Teed off Port Glasgow Golf Club members' legal fight after damage
Golf club chiefs are suing an Inverclyde landowner after their course was churned up by around a dozen escaped horses
The equine hoofing on the fairways and greens of Port Glasgow - which lasted at least six hours - caused an estimated £36,000 worth of damage.
Now the proprietor of a field where the animals were kept is facing a legal battle after witnesses declared that fencing - which should have kept them penned in - was 'non-existent'.
The revelations emerged during the trial of Kilmacolm farmer William Baxter, who was cleared of a charge of maliciously driving his tractor through the fence at speed.
Golf club secretary Gordon Foster told Greenock Sheriff Court how he was alerted to the fact that 11 horses were on the course on October 20 2014.
Mr Foster said: "I got a call from the head greenkeeper at 8am.
"We had to phone the police and we tried our best to gather up the horses.
"It took us all day, until about two o'clock in the afternoon."
Mr Foster, three greenkeepers and a neighbouring farmer were involved in the emergency corralling operation.
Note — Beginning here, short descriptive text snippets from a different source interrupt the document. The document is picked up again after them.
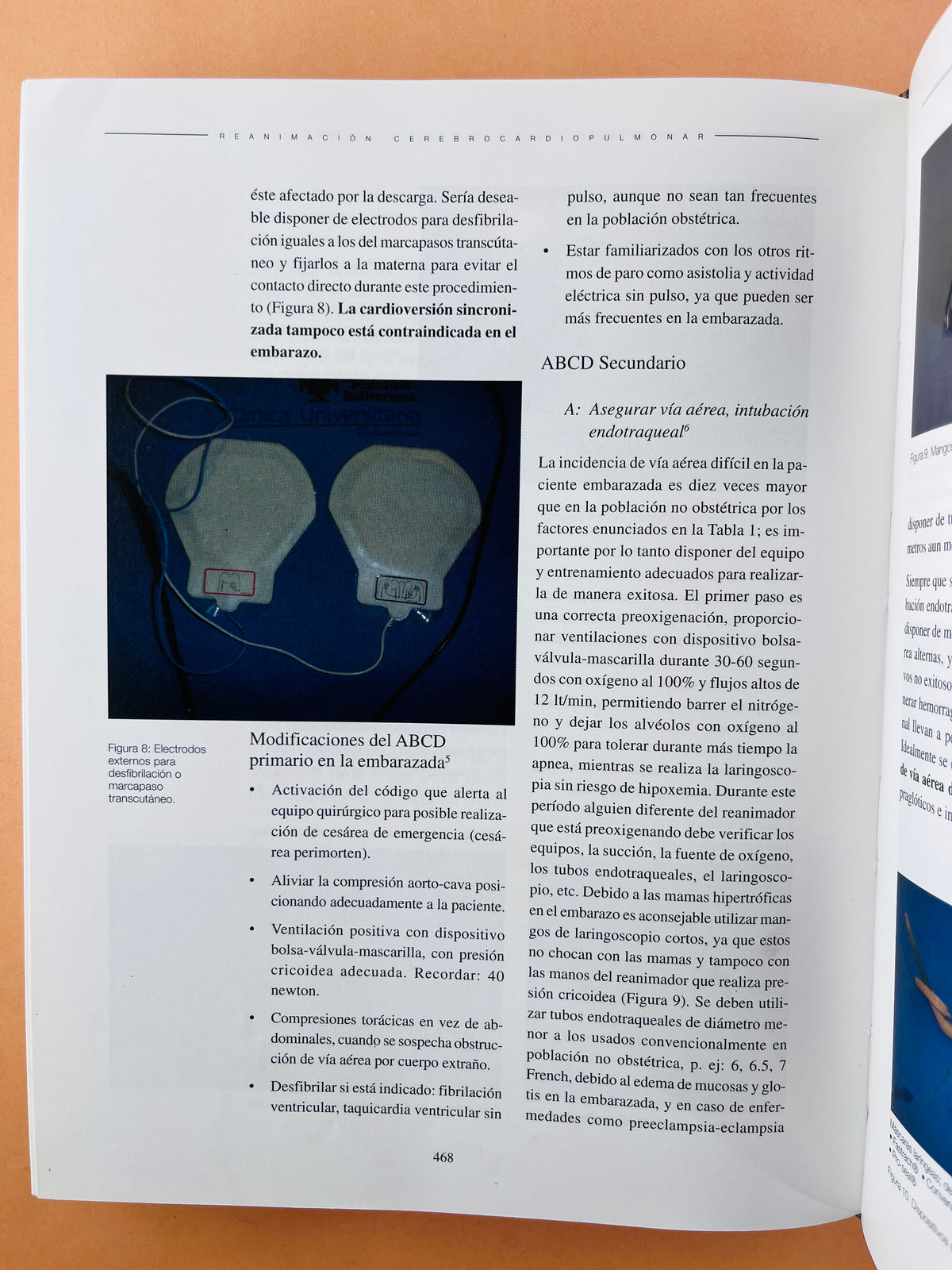 Reanimación Cerebrocardiopumonar asuntos críticos by Laureano Quintwero B.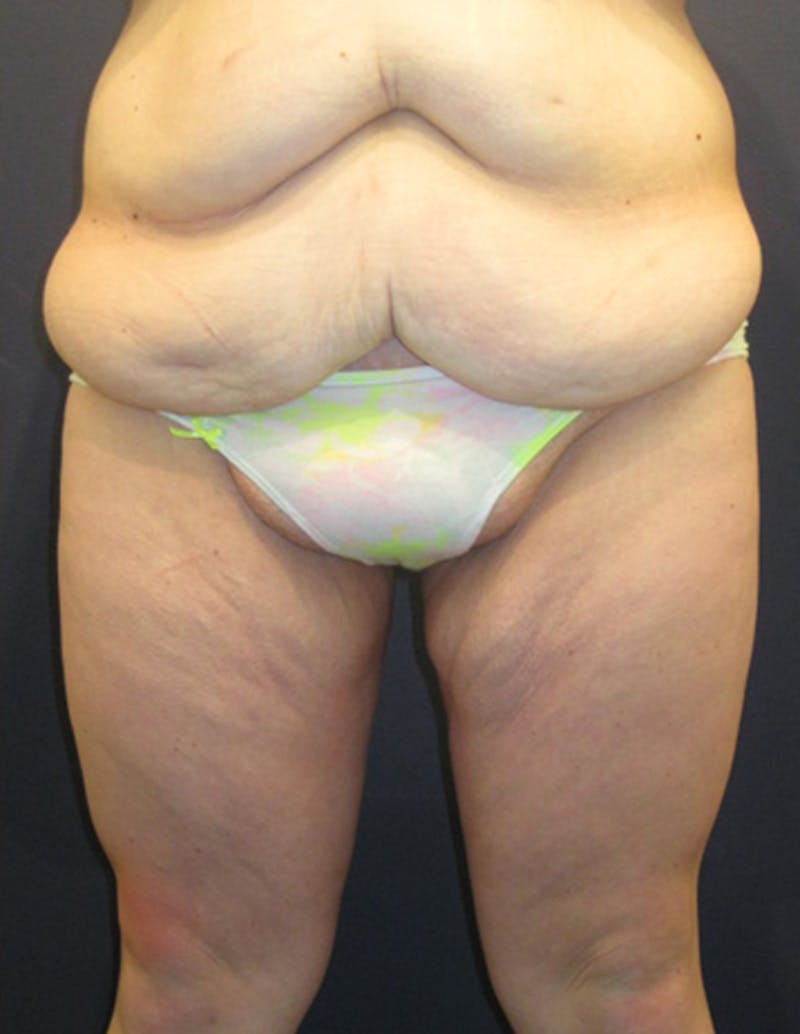 Massive Weight Loss Before & After Gallery - Patient 174163204 - Image 1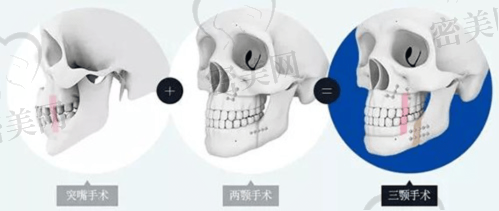 脸颊凹陷填充的风险与注意事项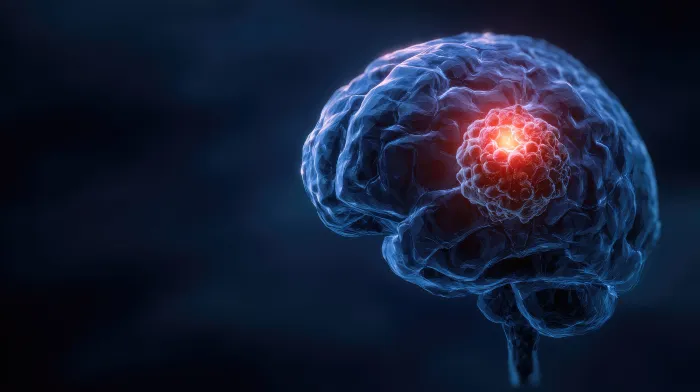 Guide to Types Of Brain Tumours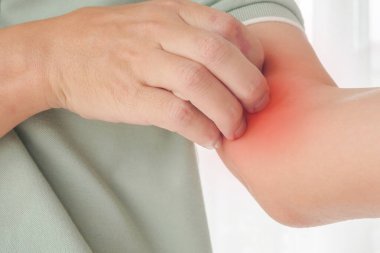 Genç Asyalı adam kaşınıyor ve kolunda kaşındırıyor kuru cilt egzama dermatiti yüzünden.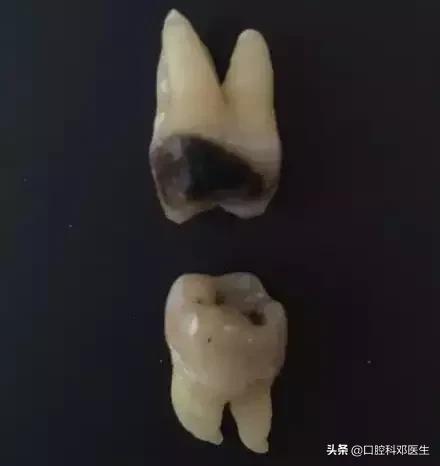 智齿很小一个自己就拔掉了,稍微晃动的智齿拔掉很快吗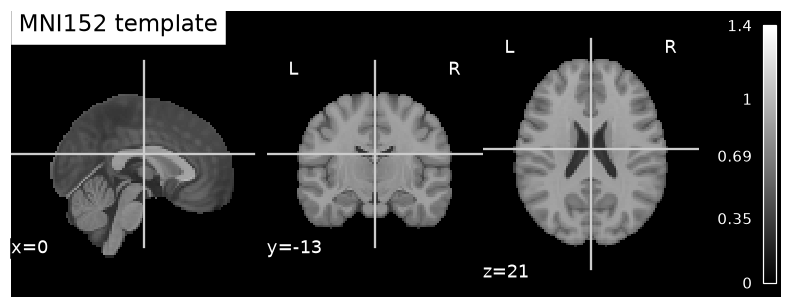 Sagittal, coronal, and axial slices through the MNI152 anatomical template with crosshairs at the cut coordinates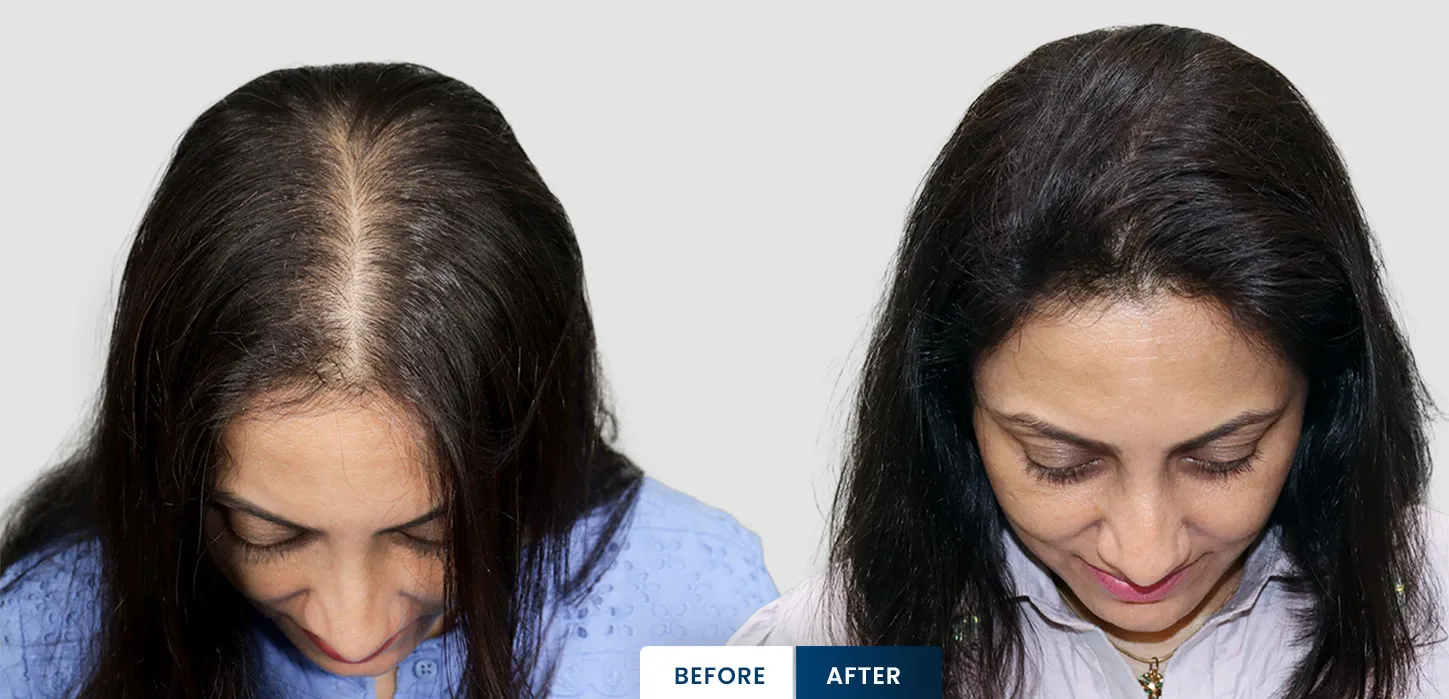 Vandana Lalwani celebrity hair transplant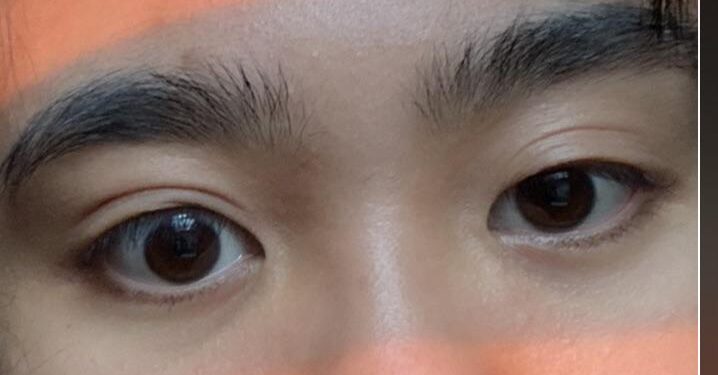 Eye Asymmetry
The club secretary said: "We got some buckets of food and the horses started to follow us down the third fairway.
"They had been on the third fairway, the fifth fairway and also behind the fifth tee.
"We were also trying to keep them off of the 14th green."
The court heard that there had been an almost identical incident of horses encroaching onto the golf course in November 2013.
Club bosses were forced to reduce the size of the course from 18 holes to 12 holes and they also suffered a dip in membership numbers in the wake of that episode, it was stated.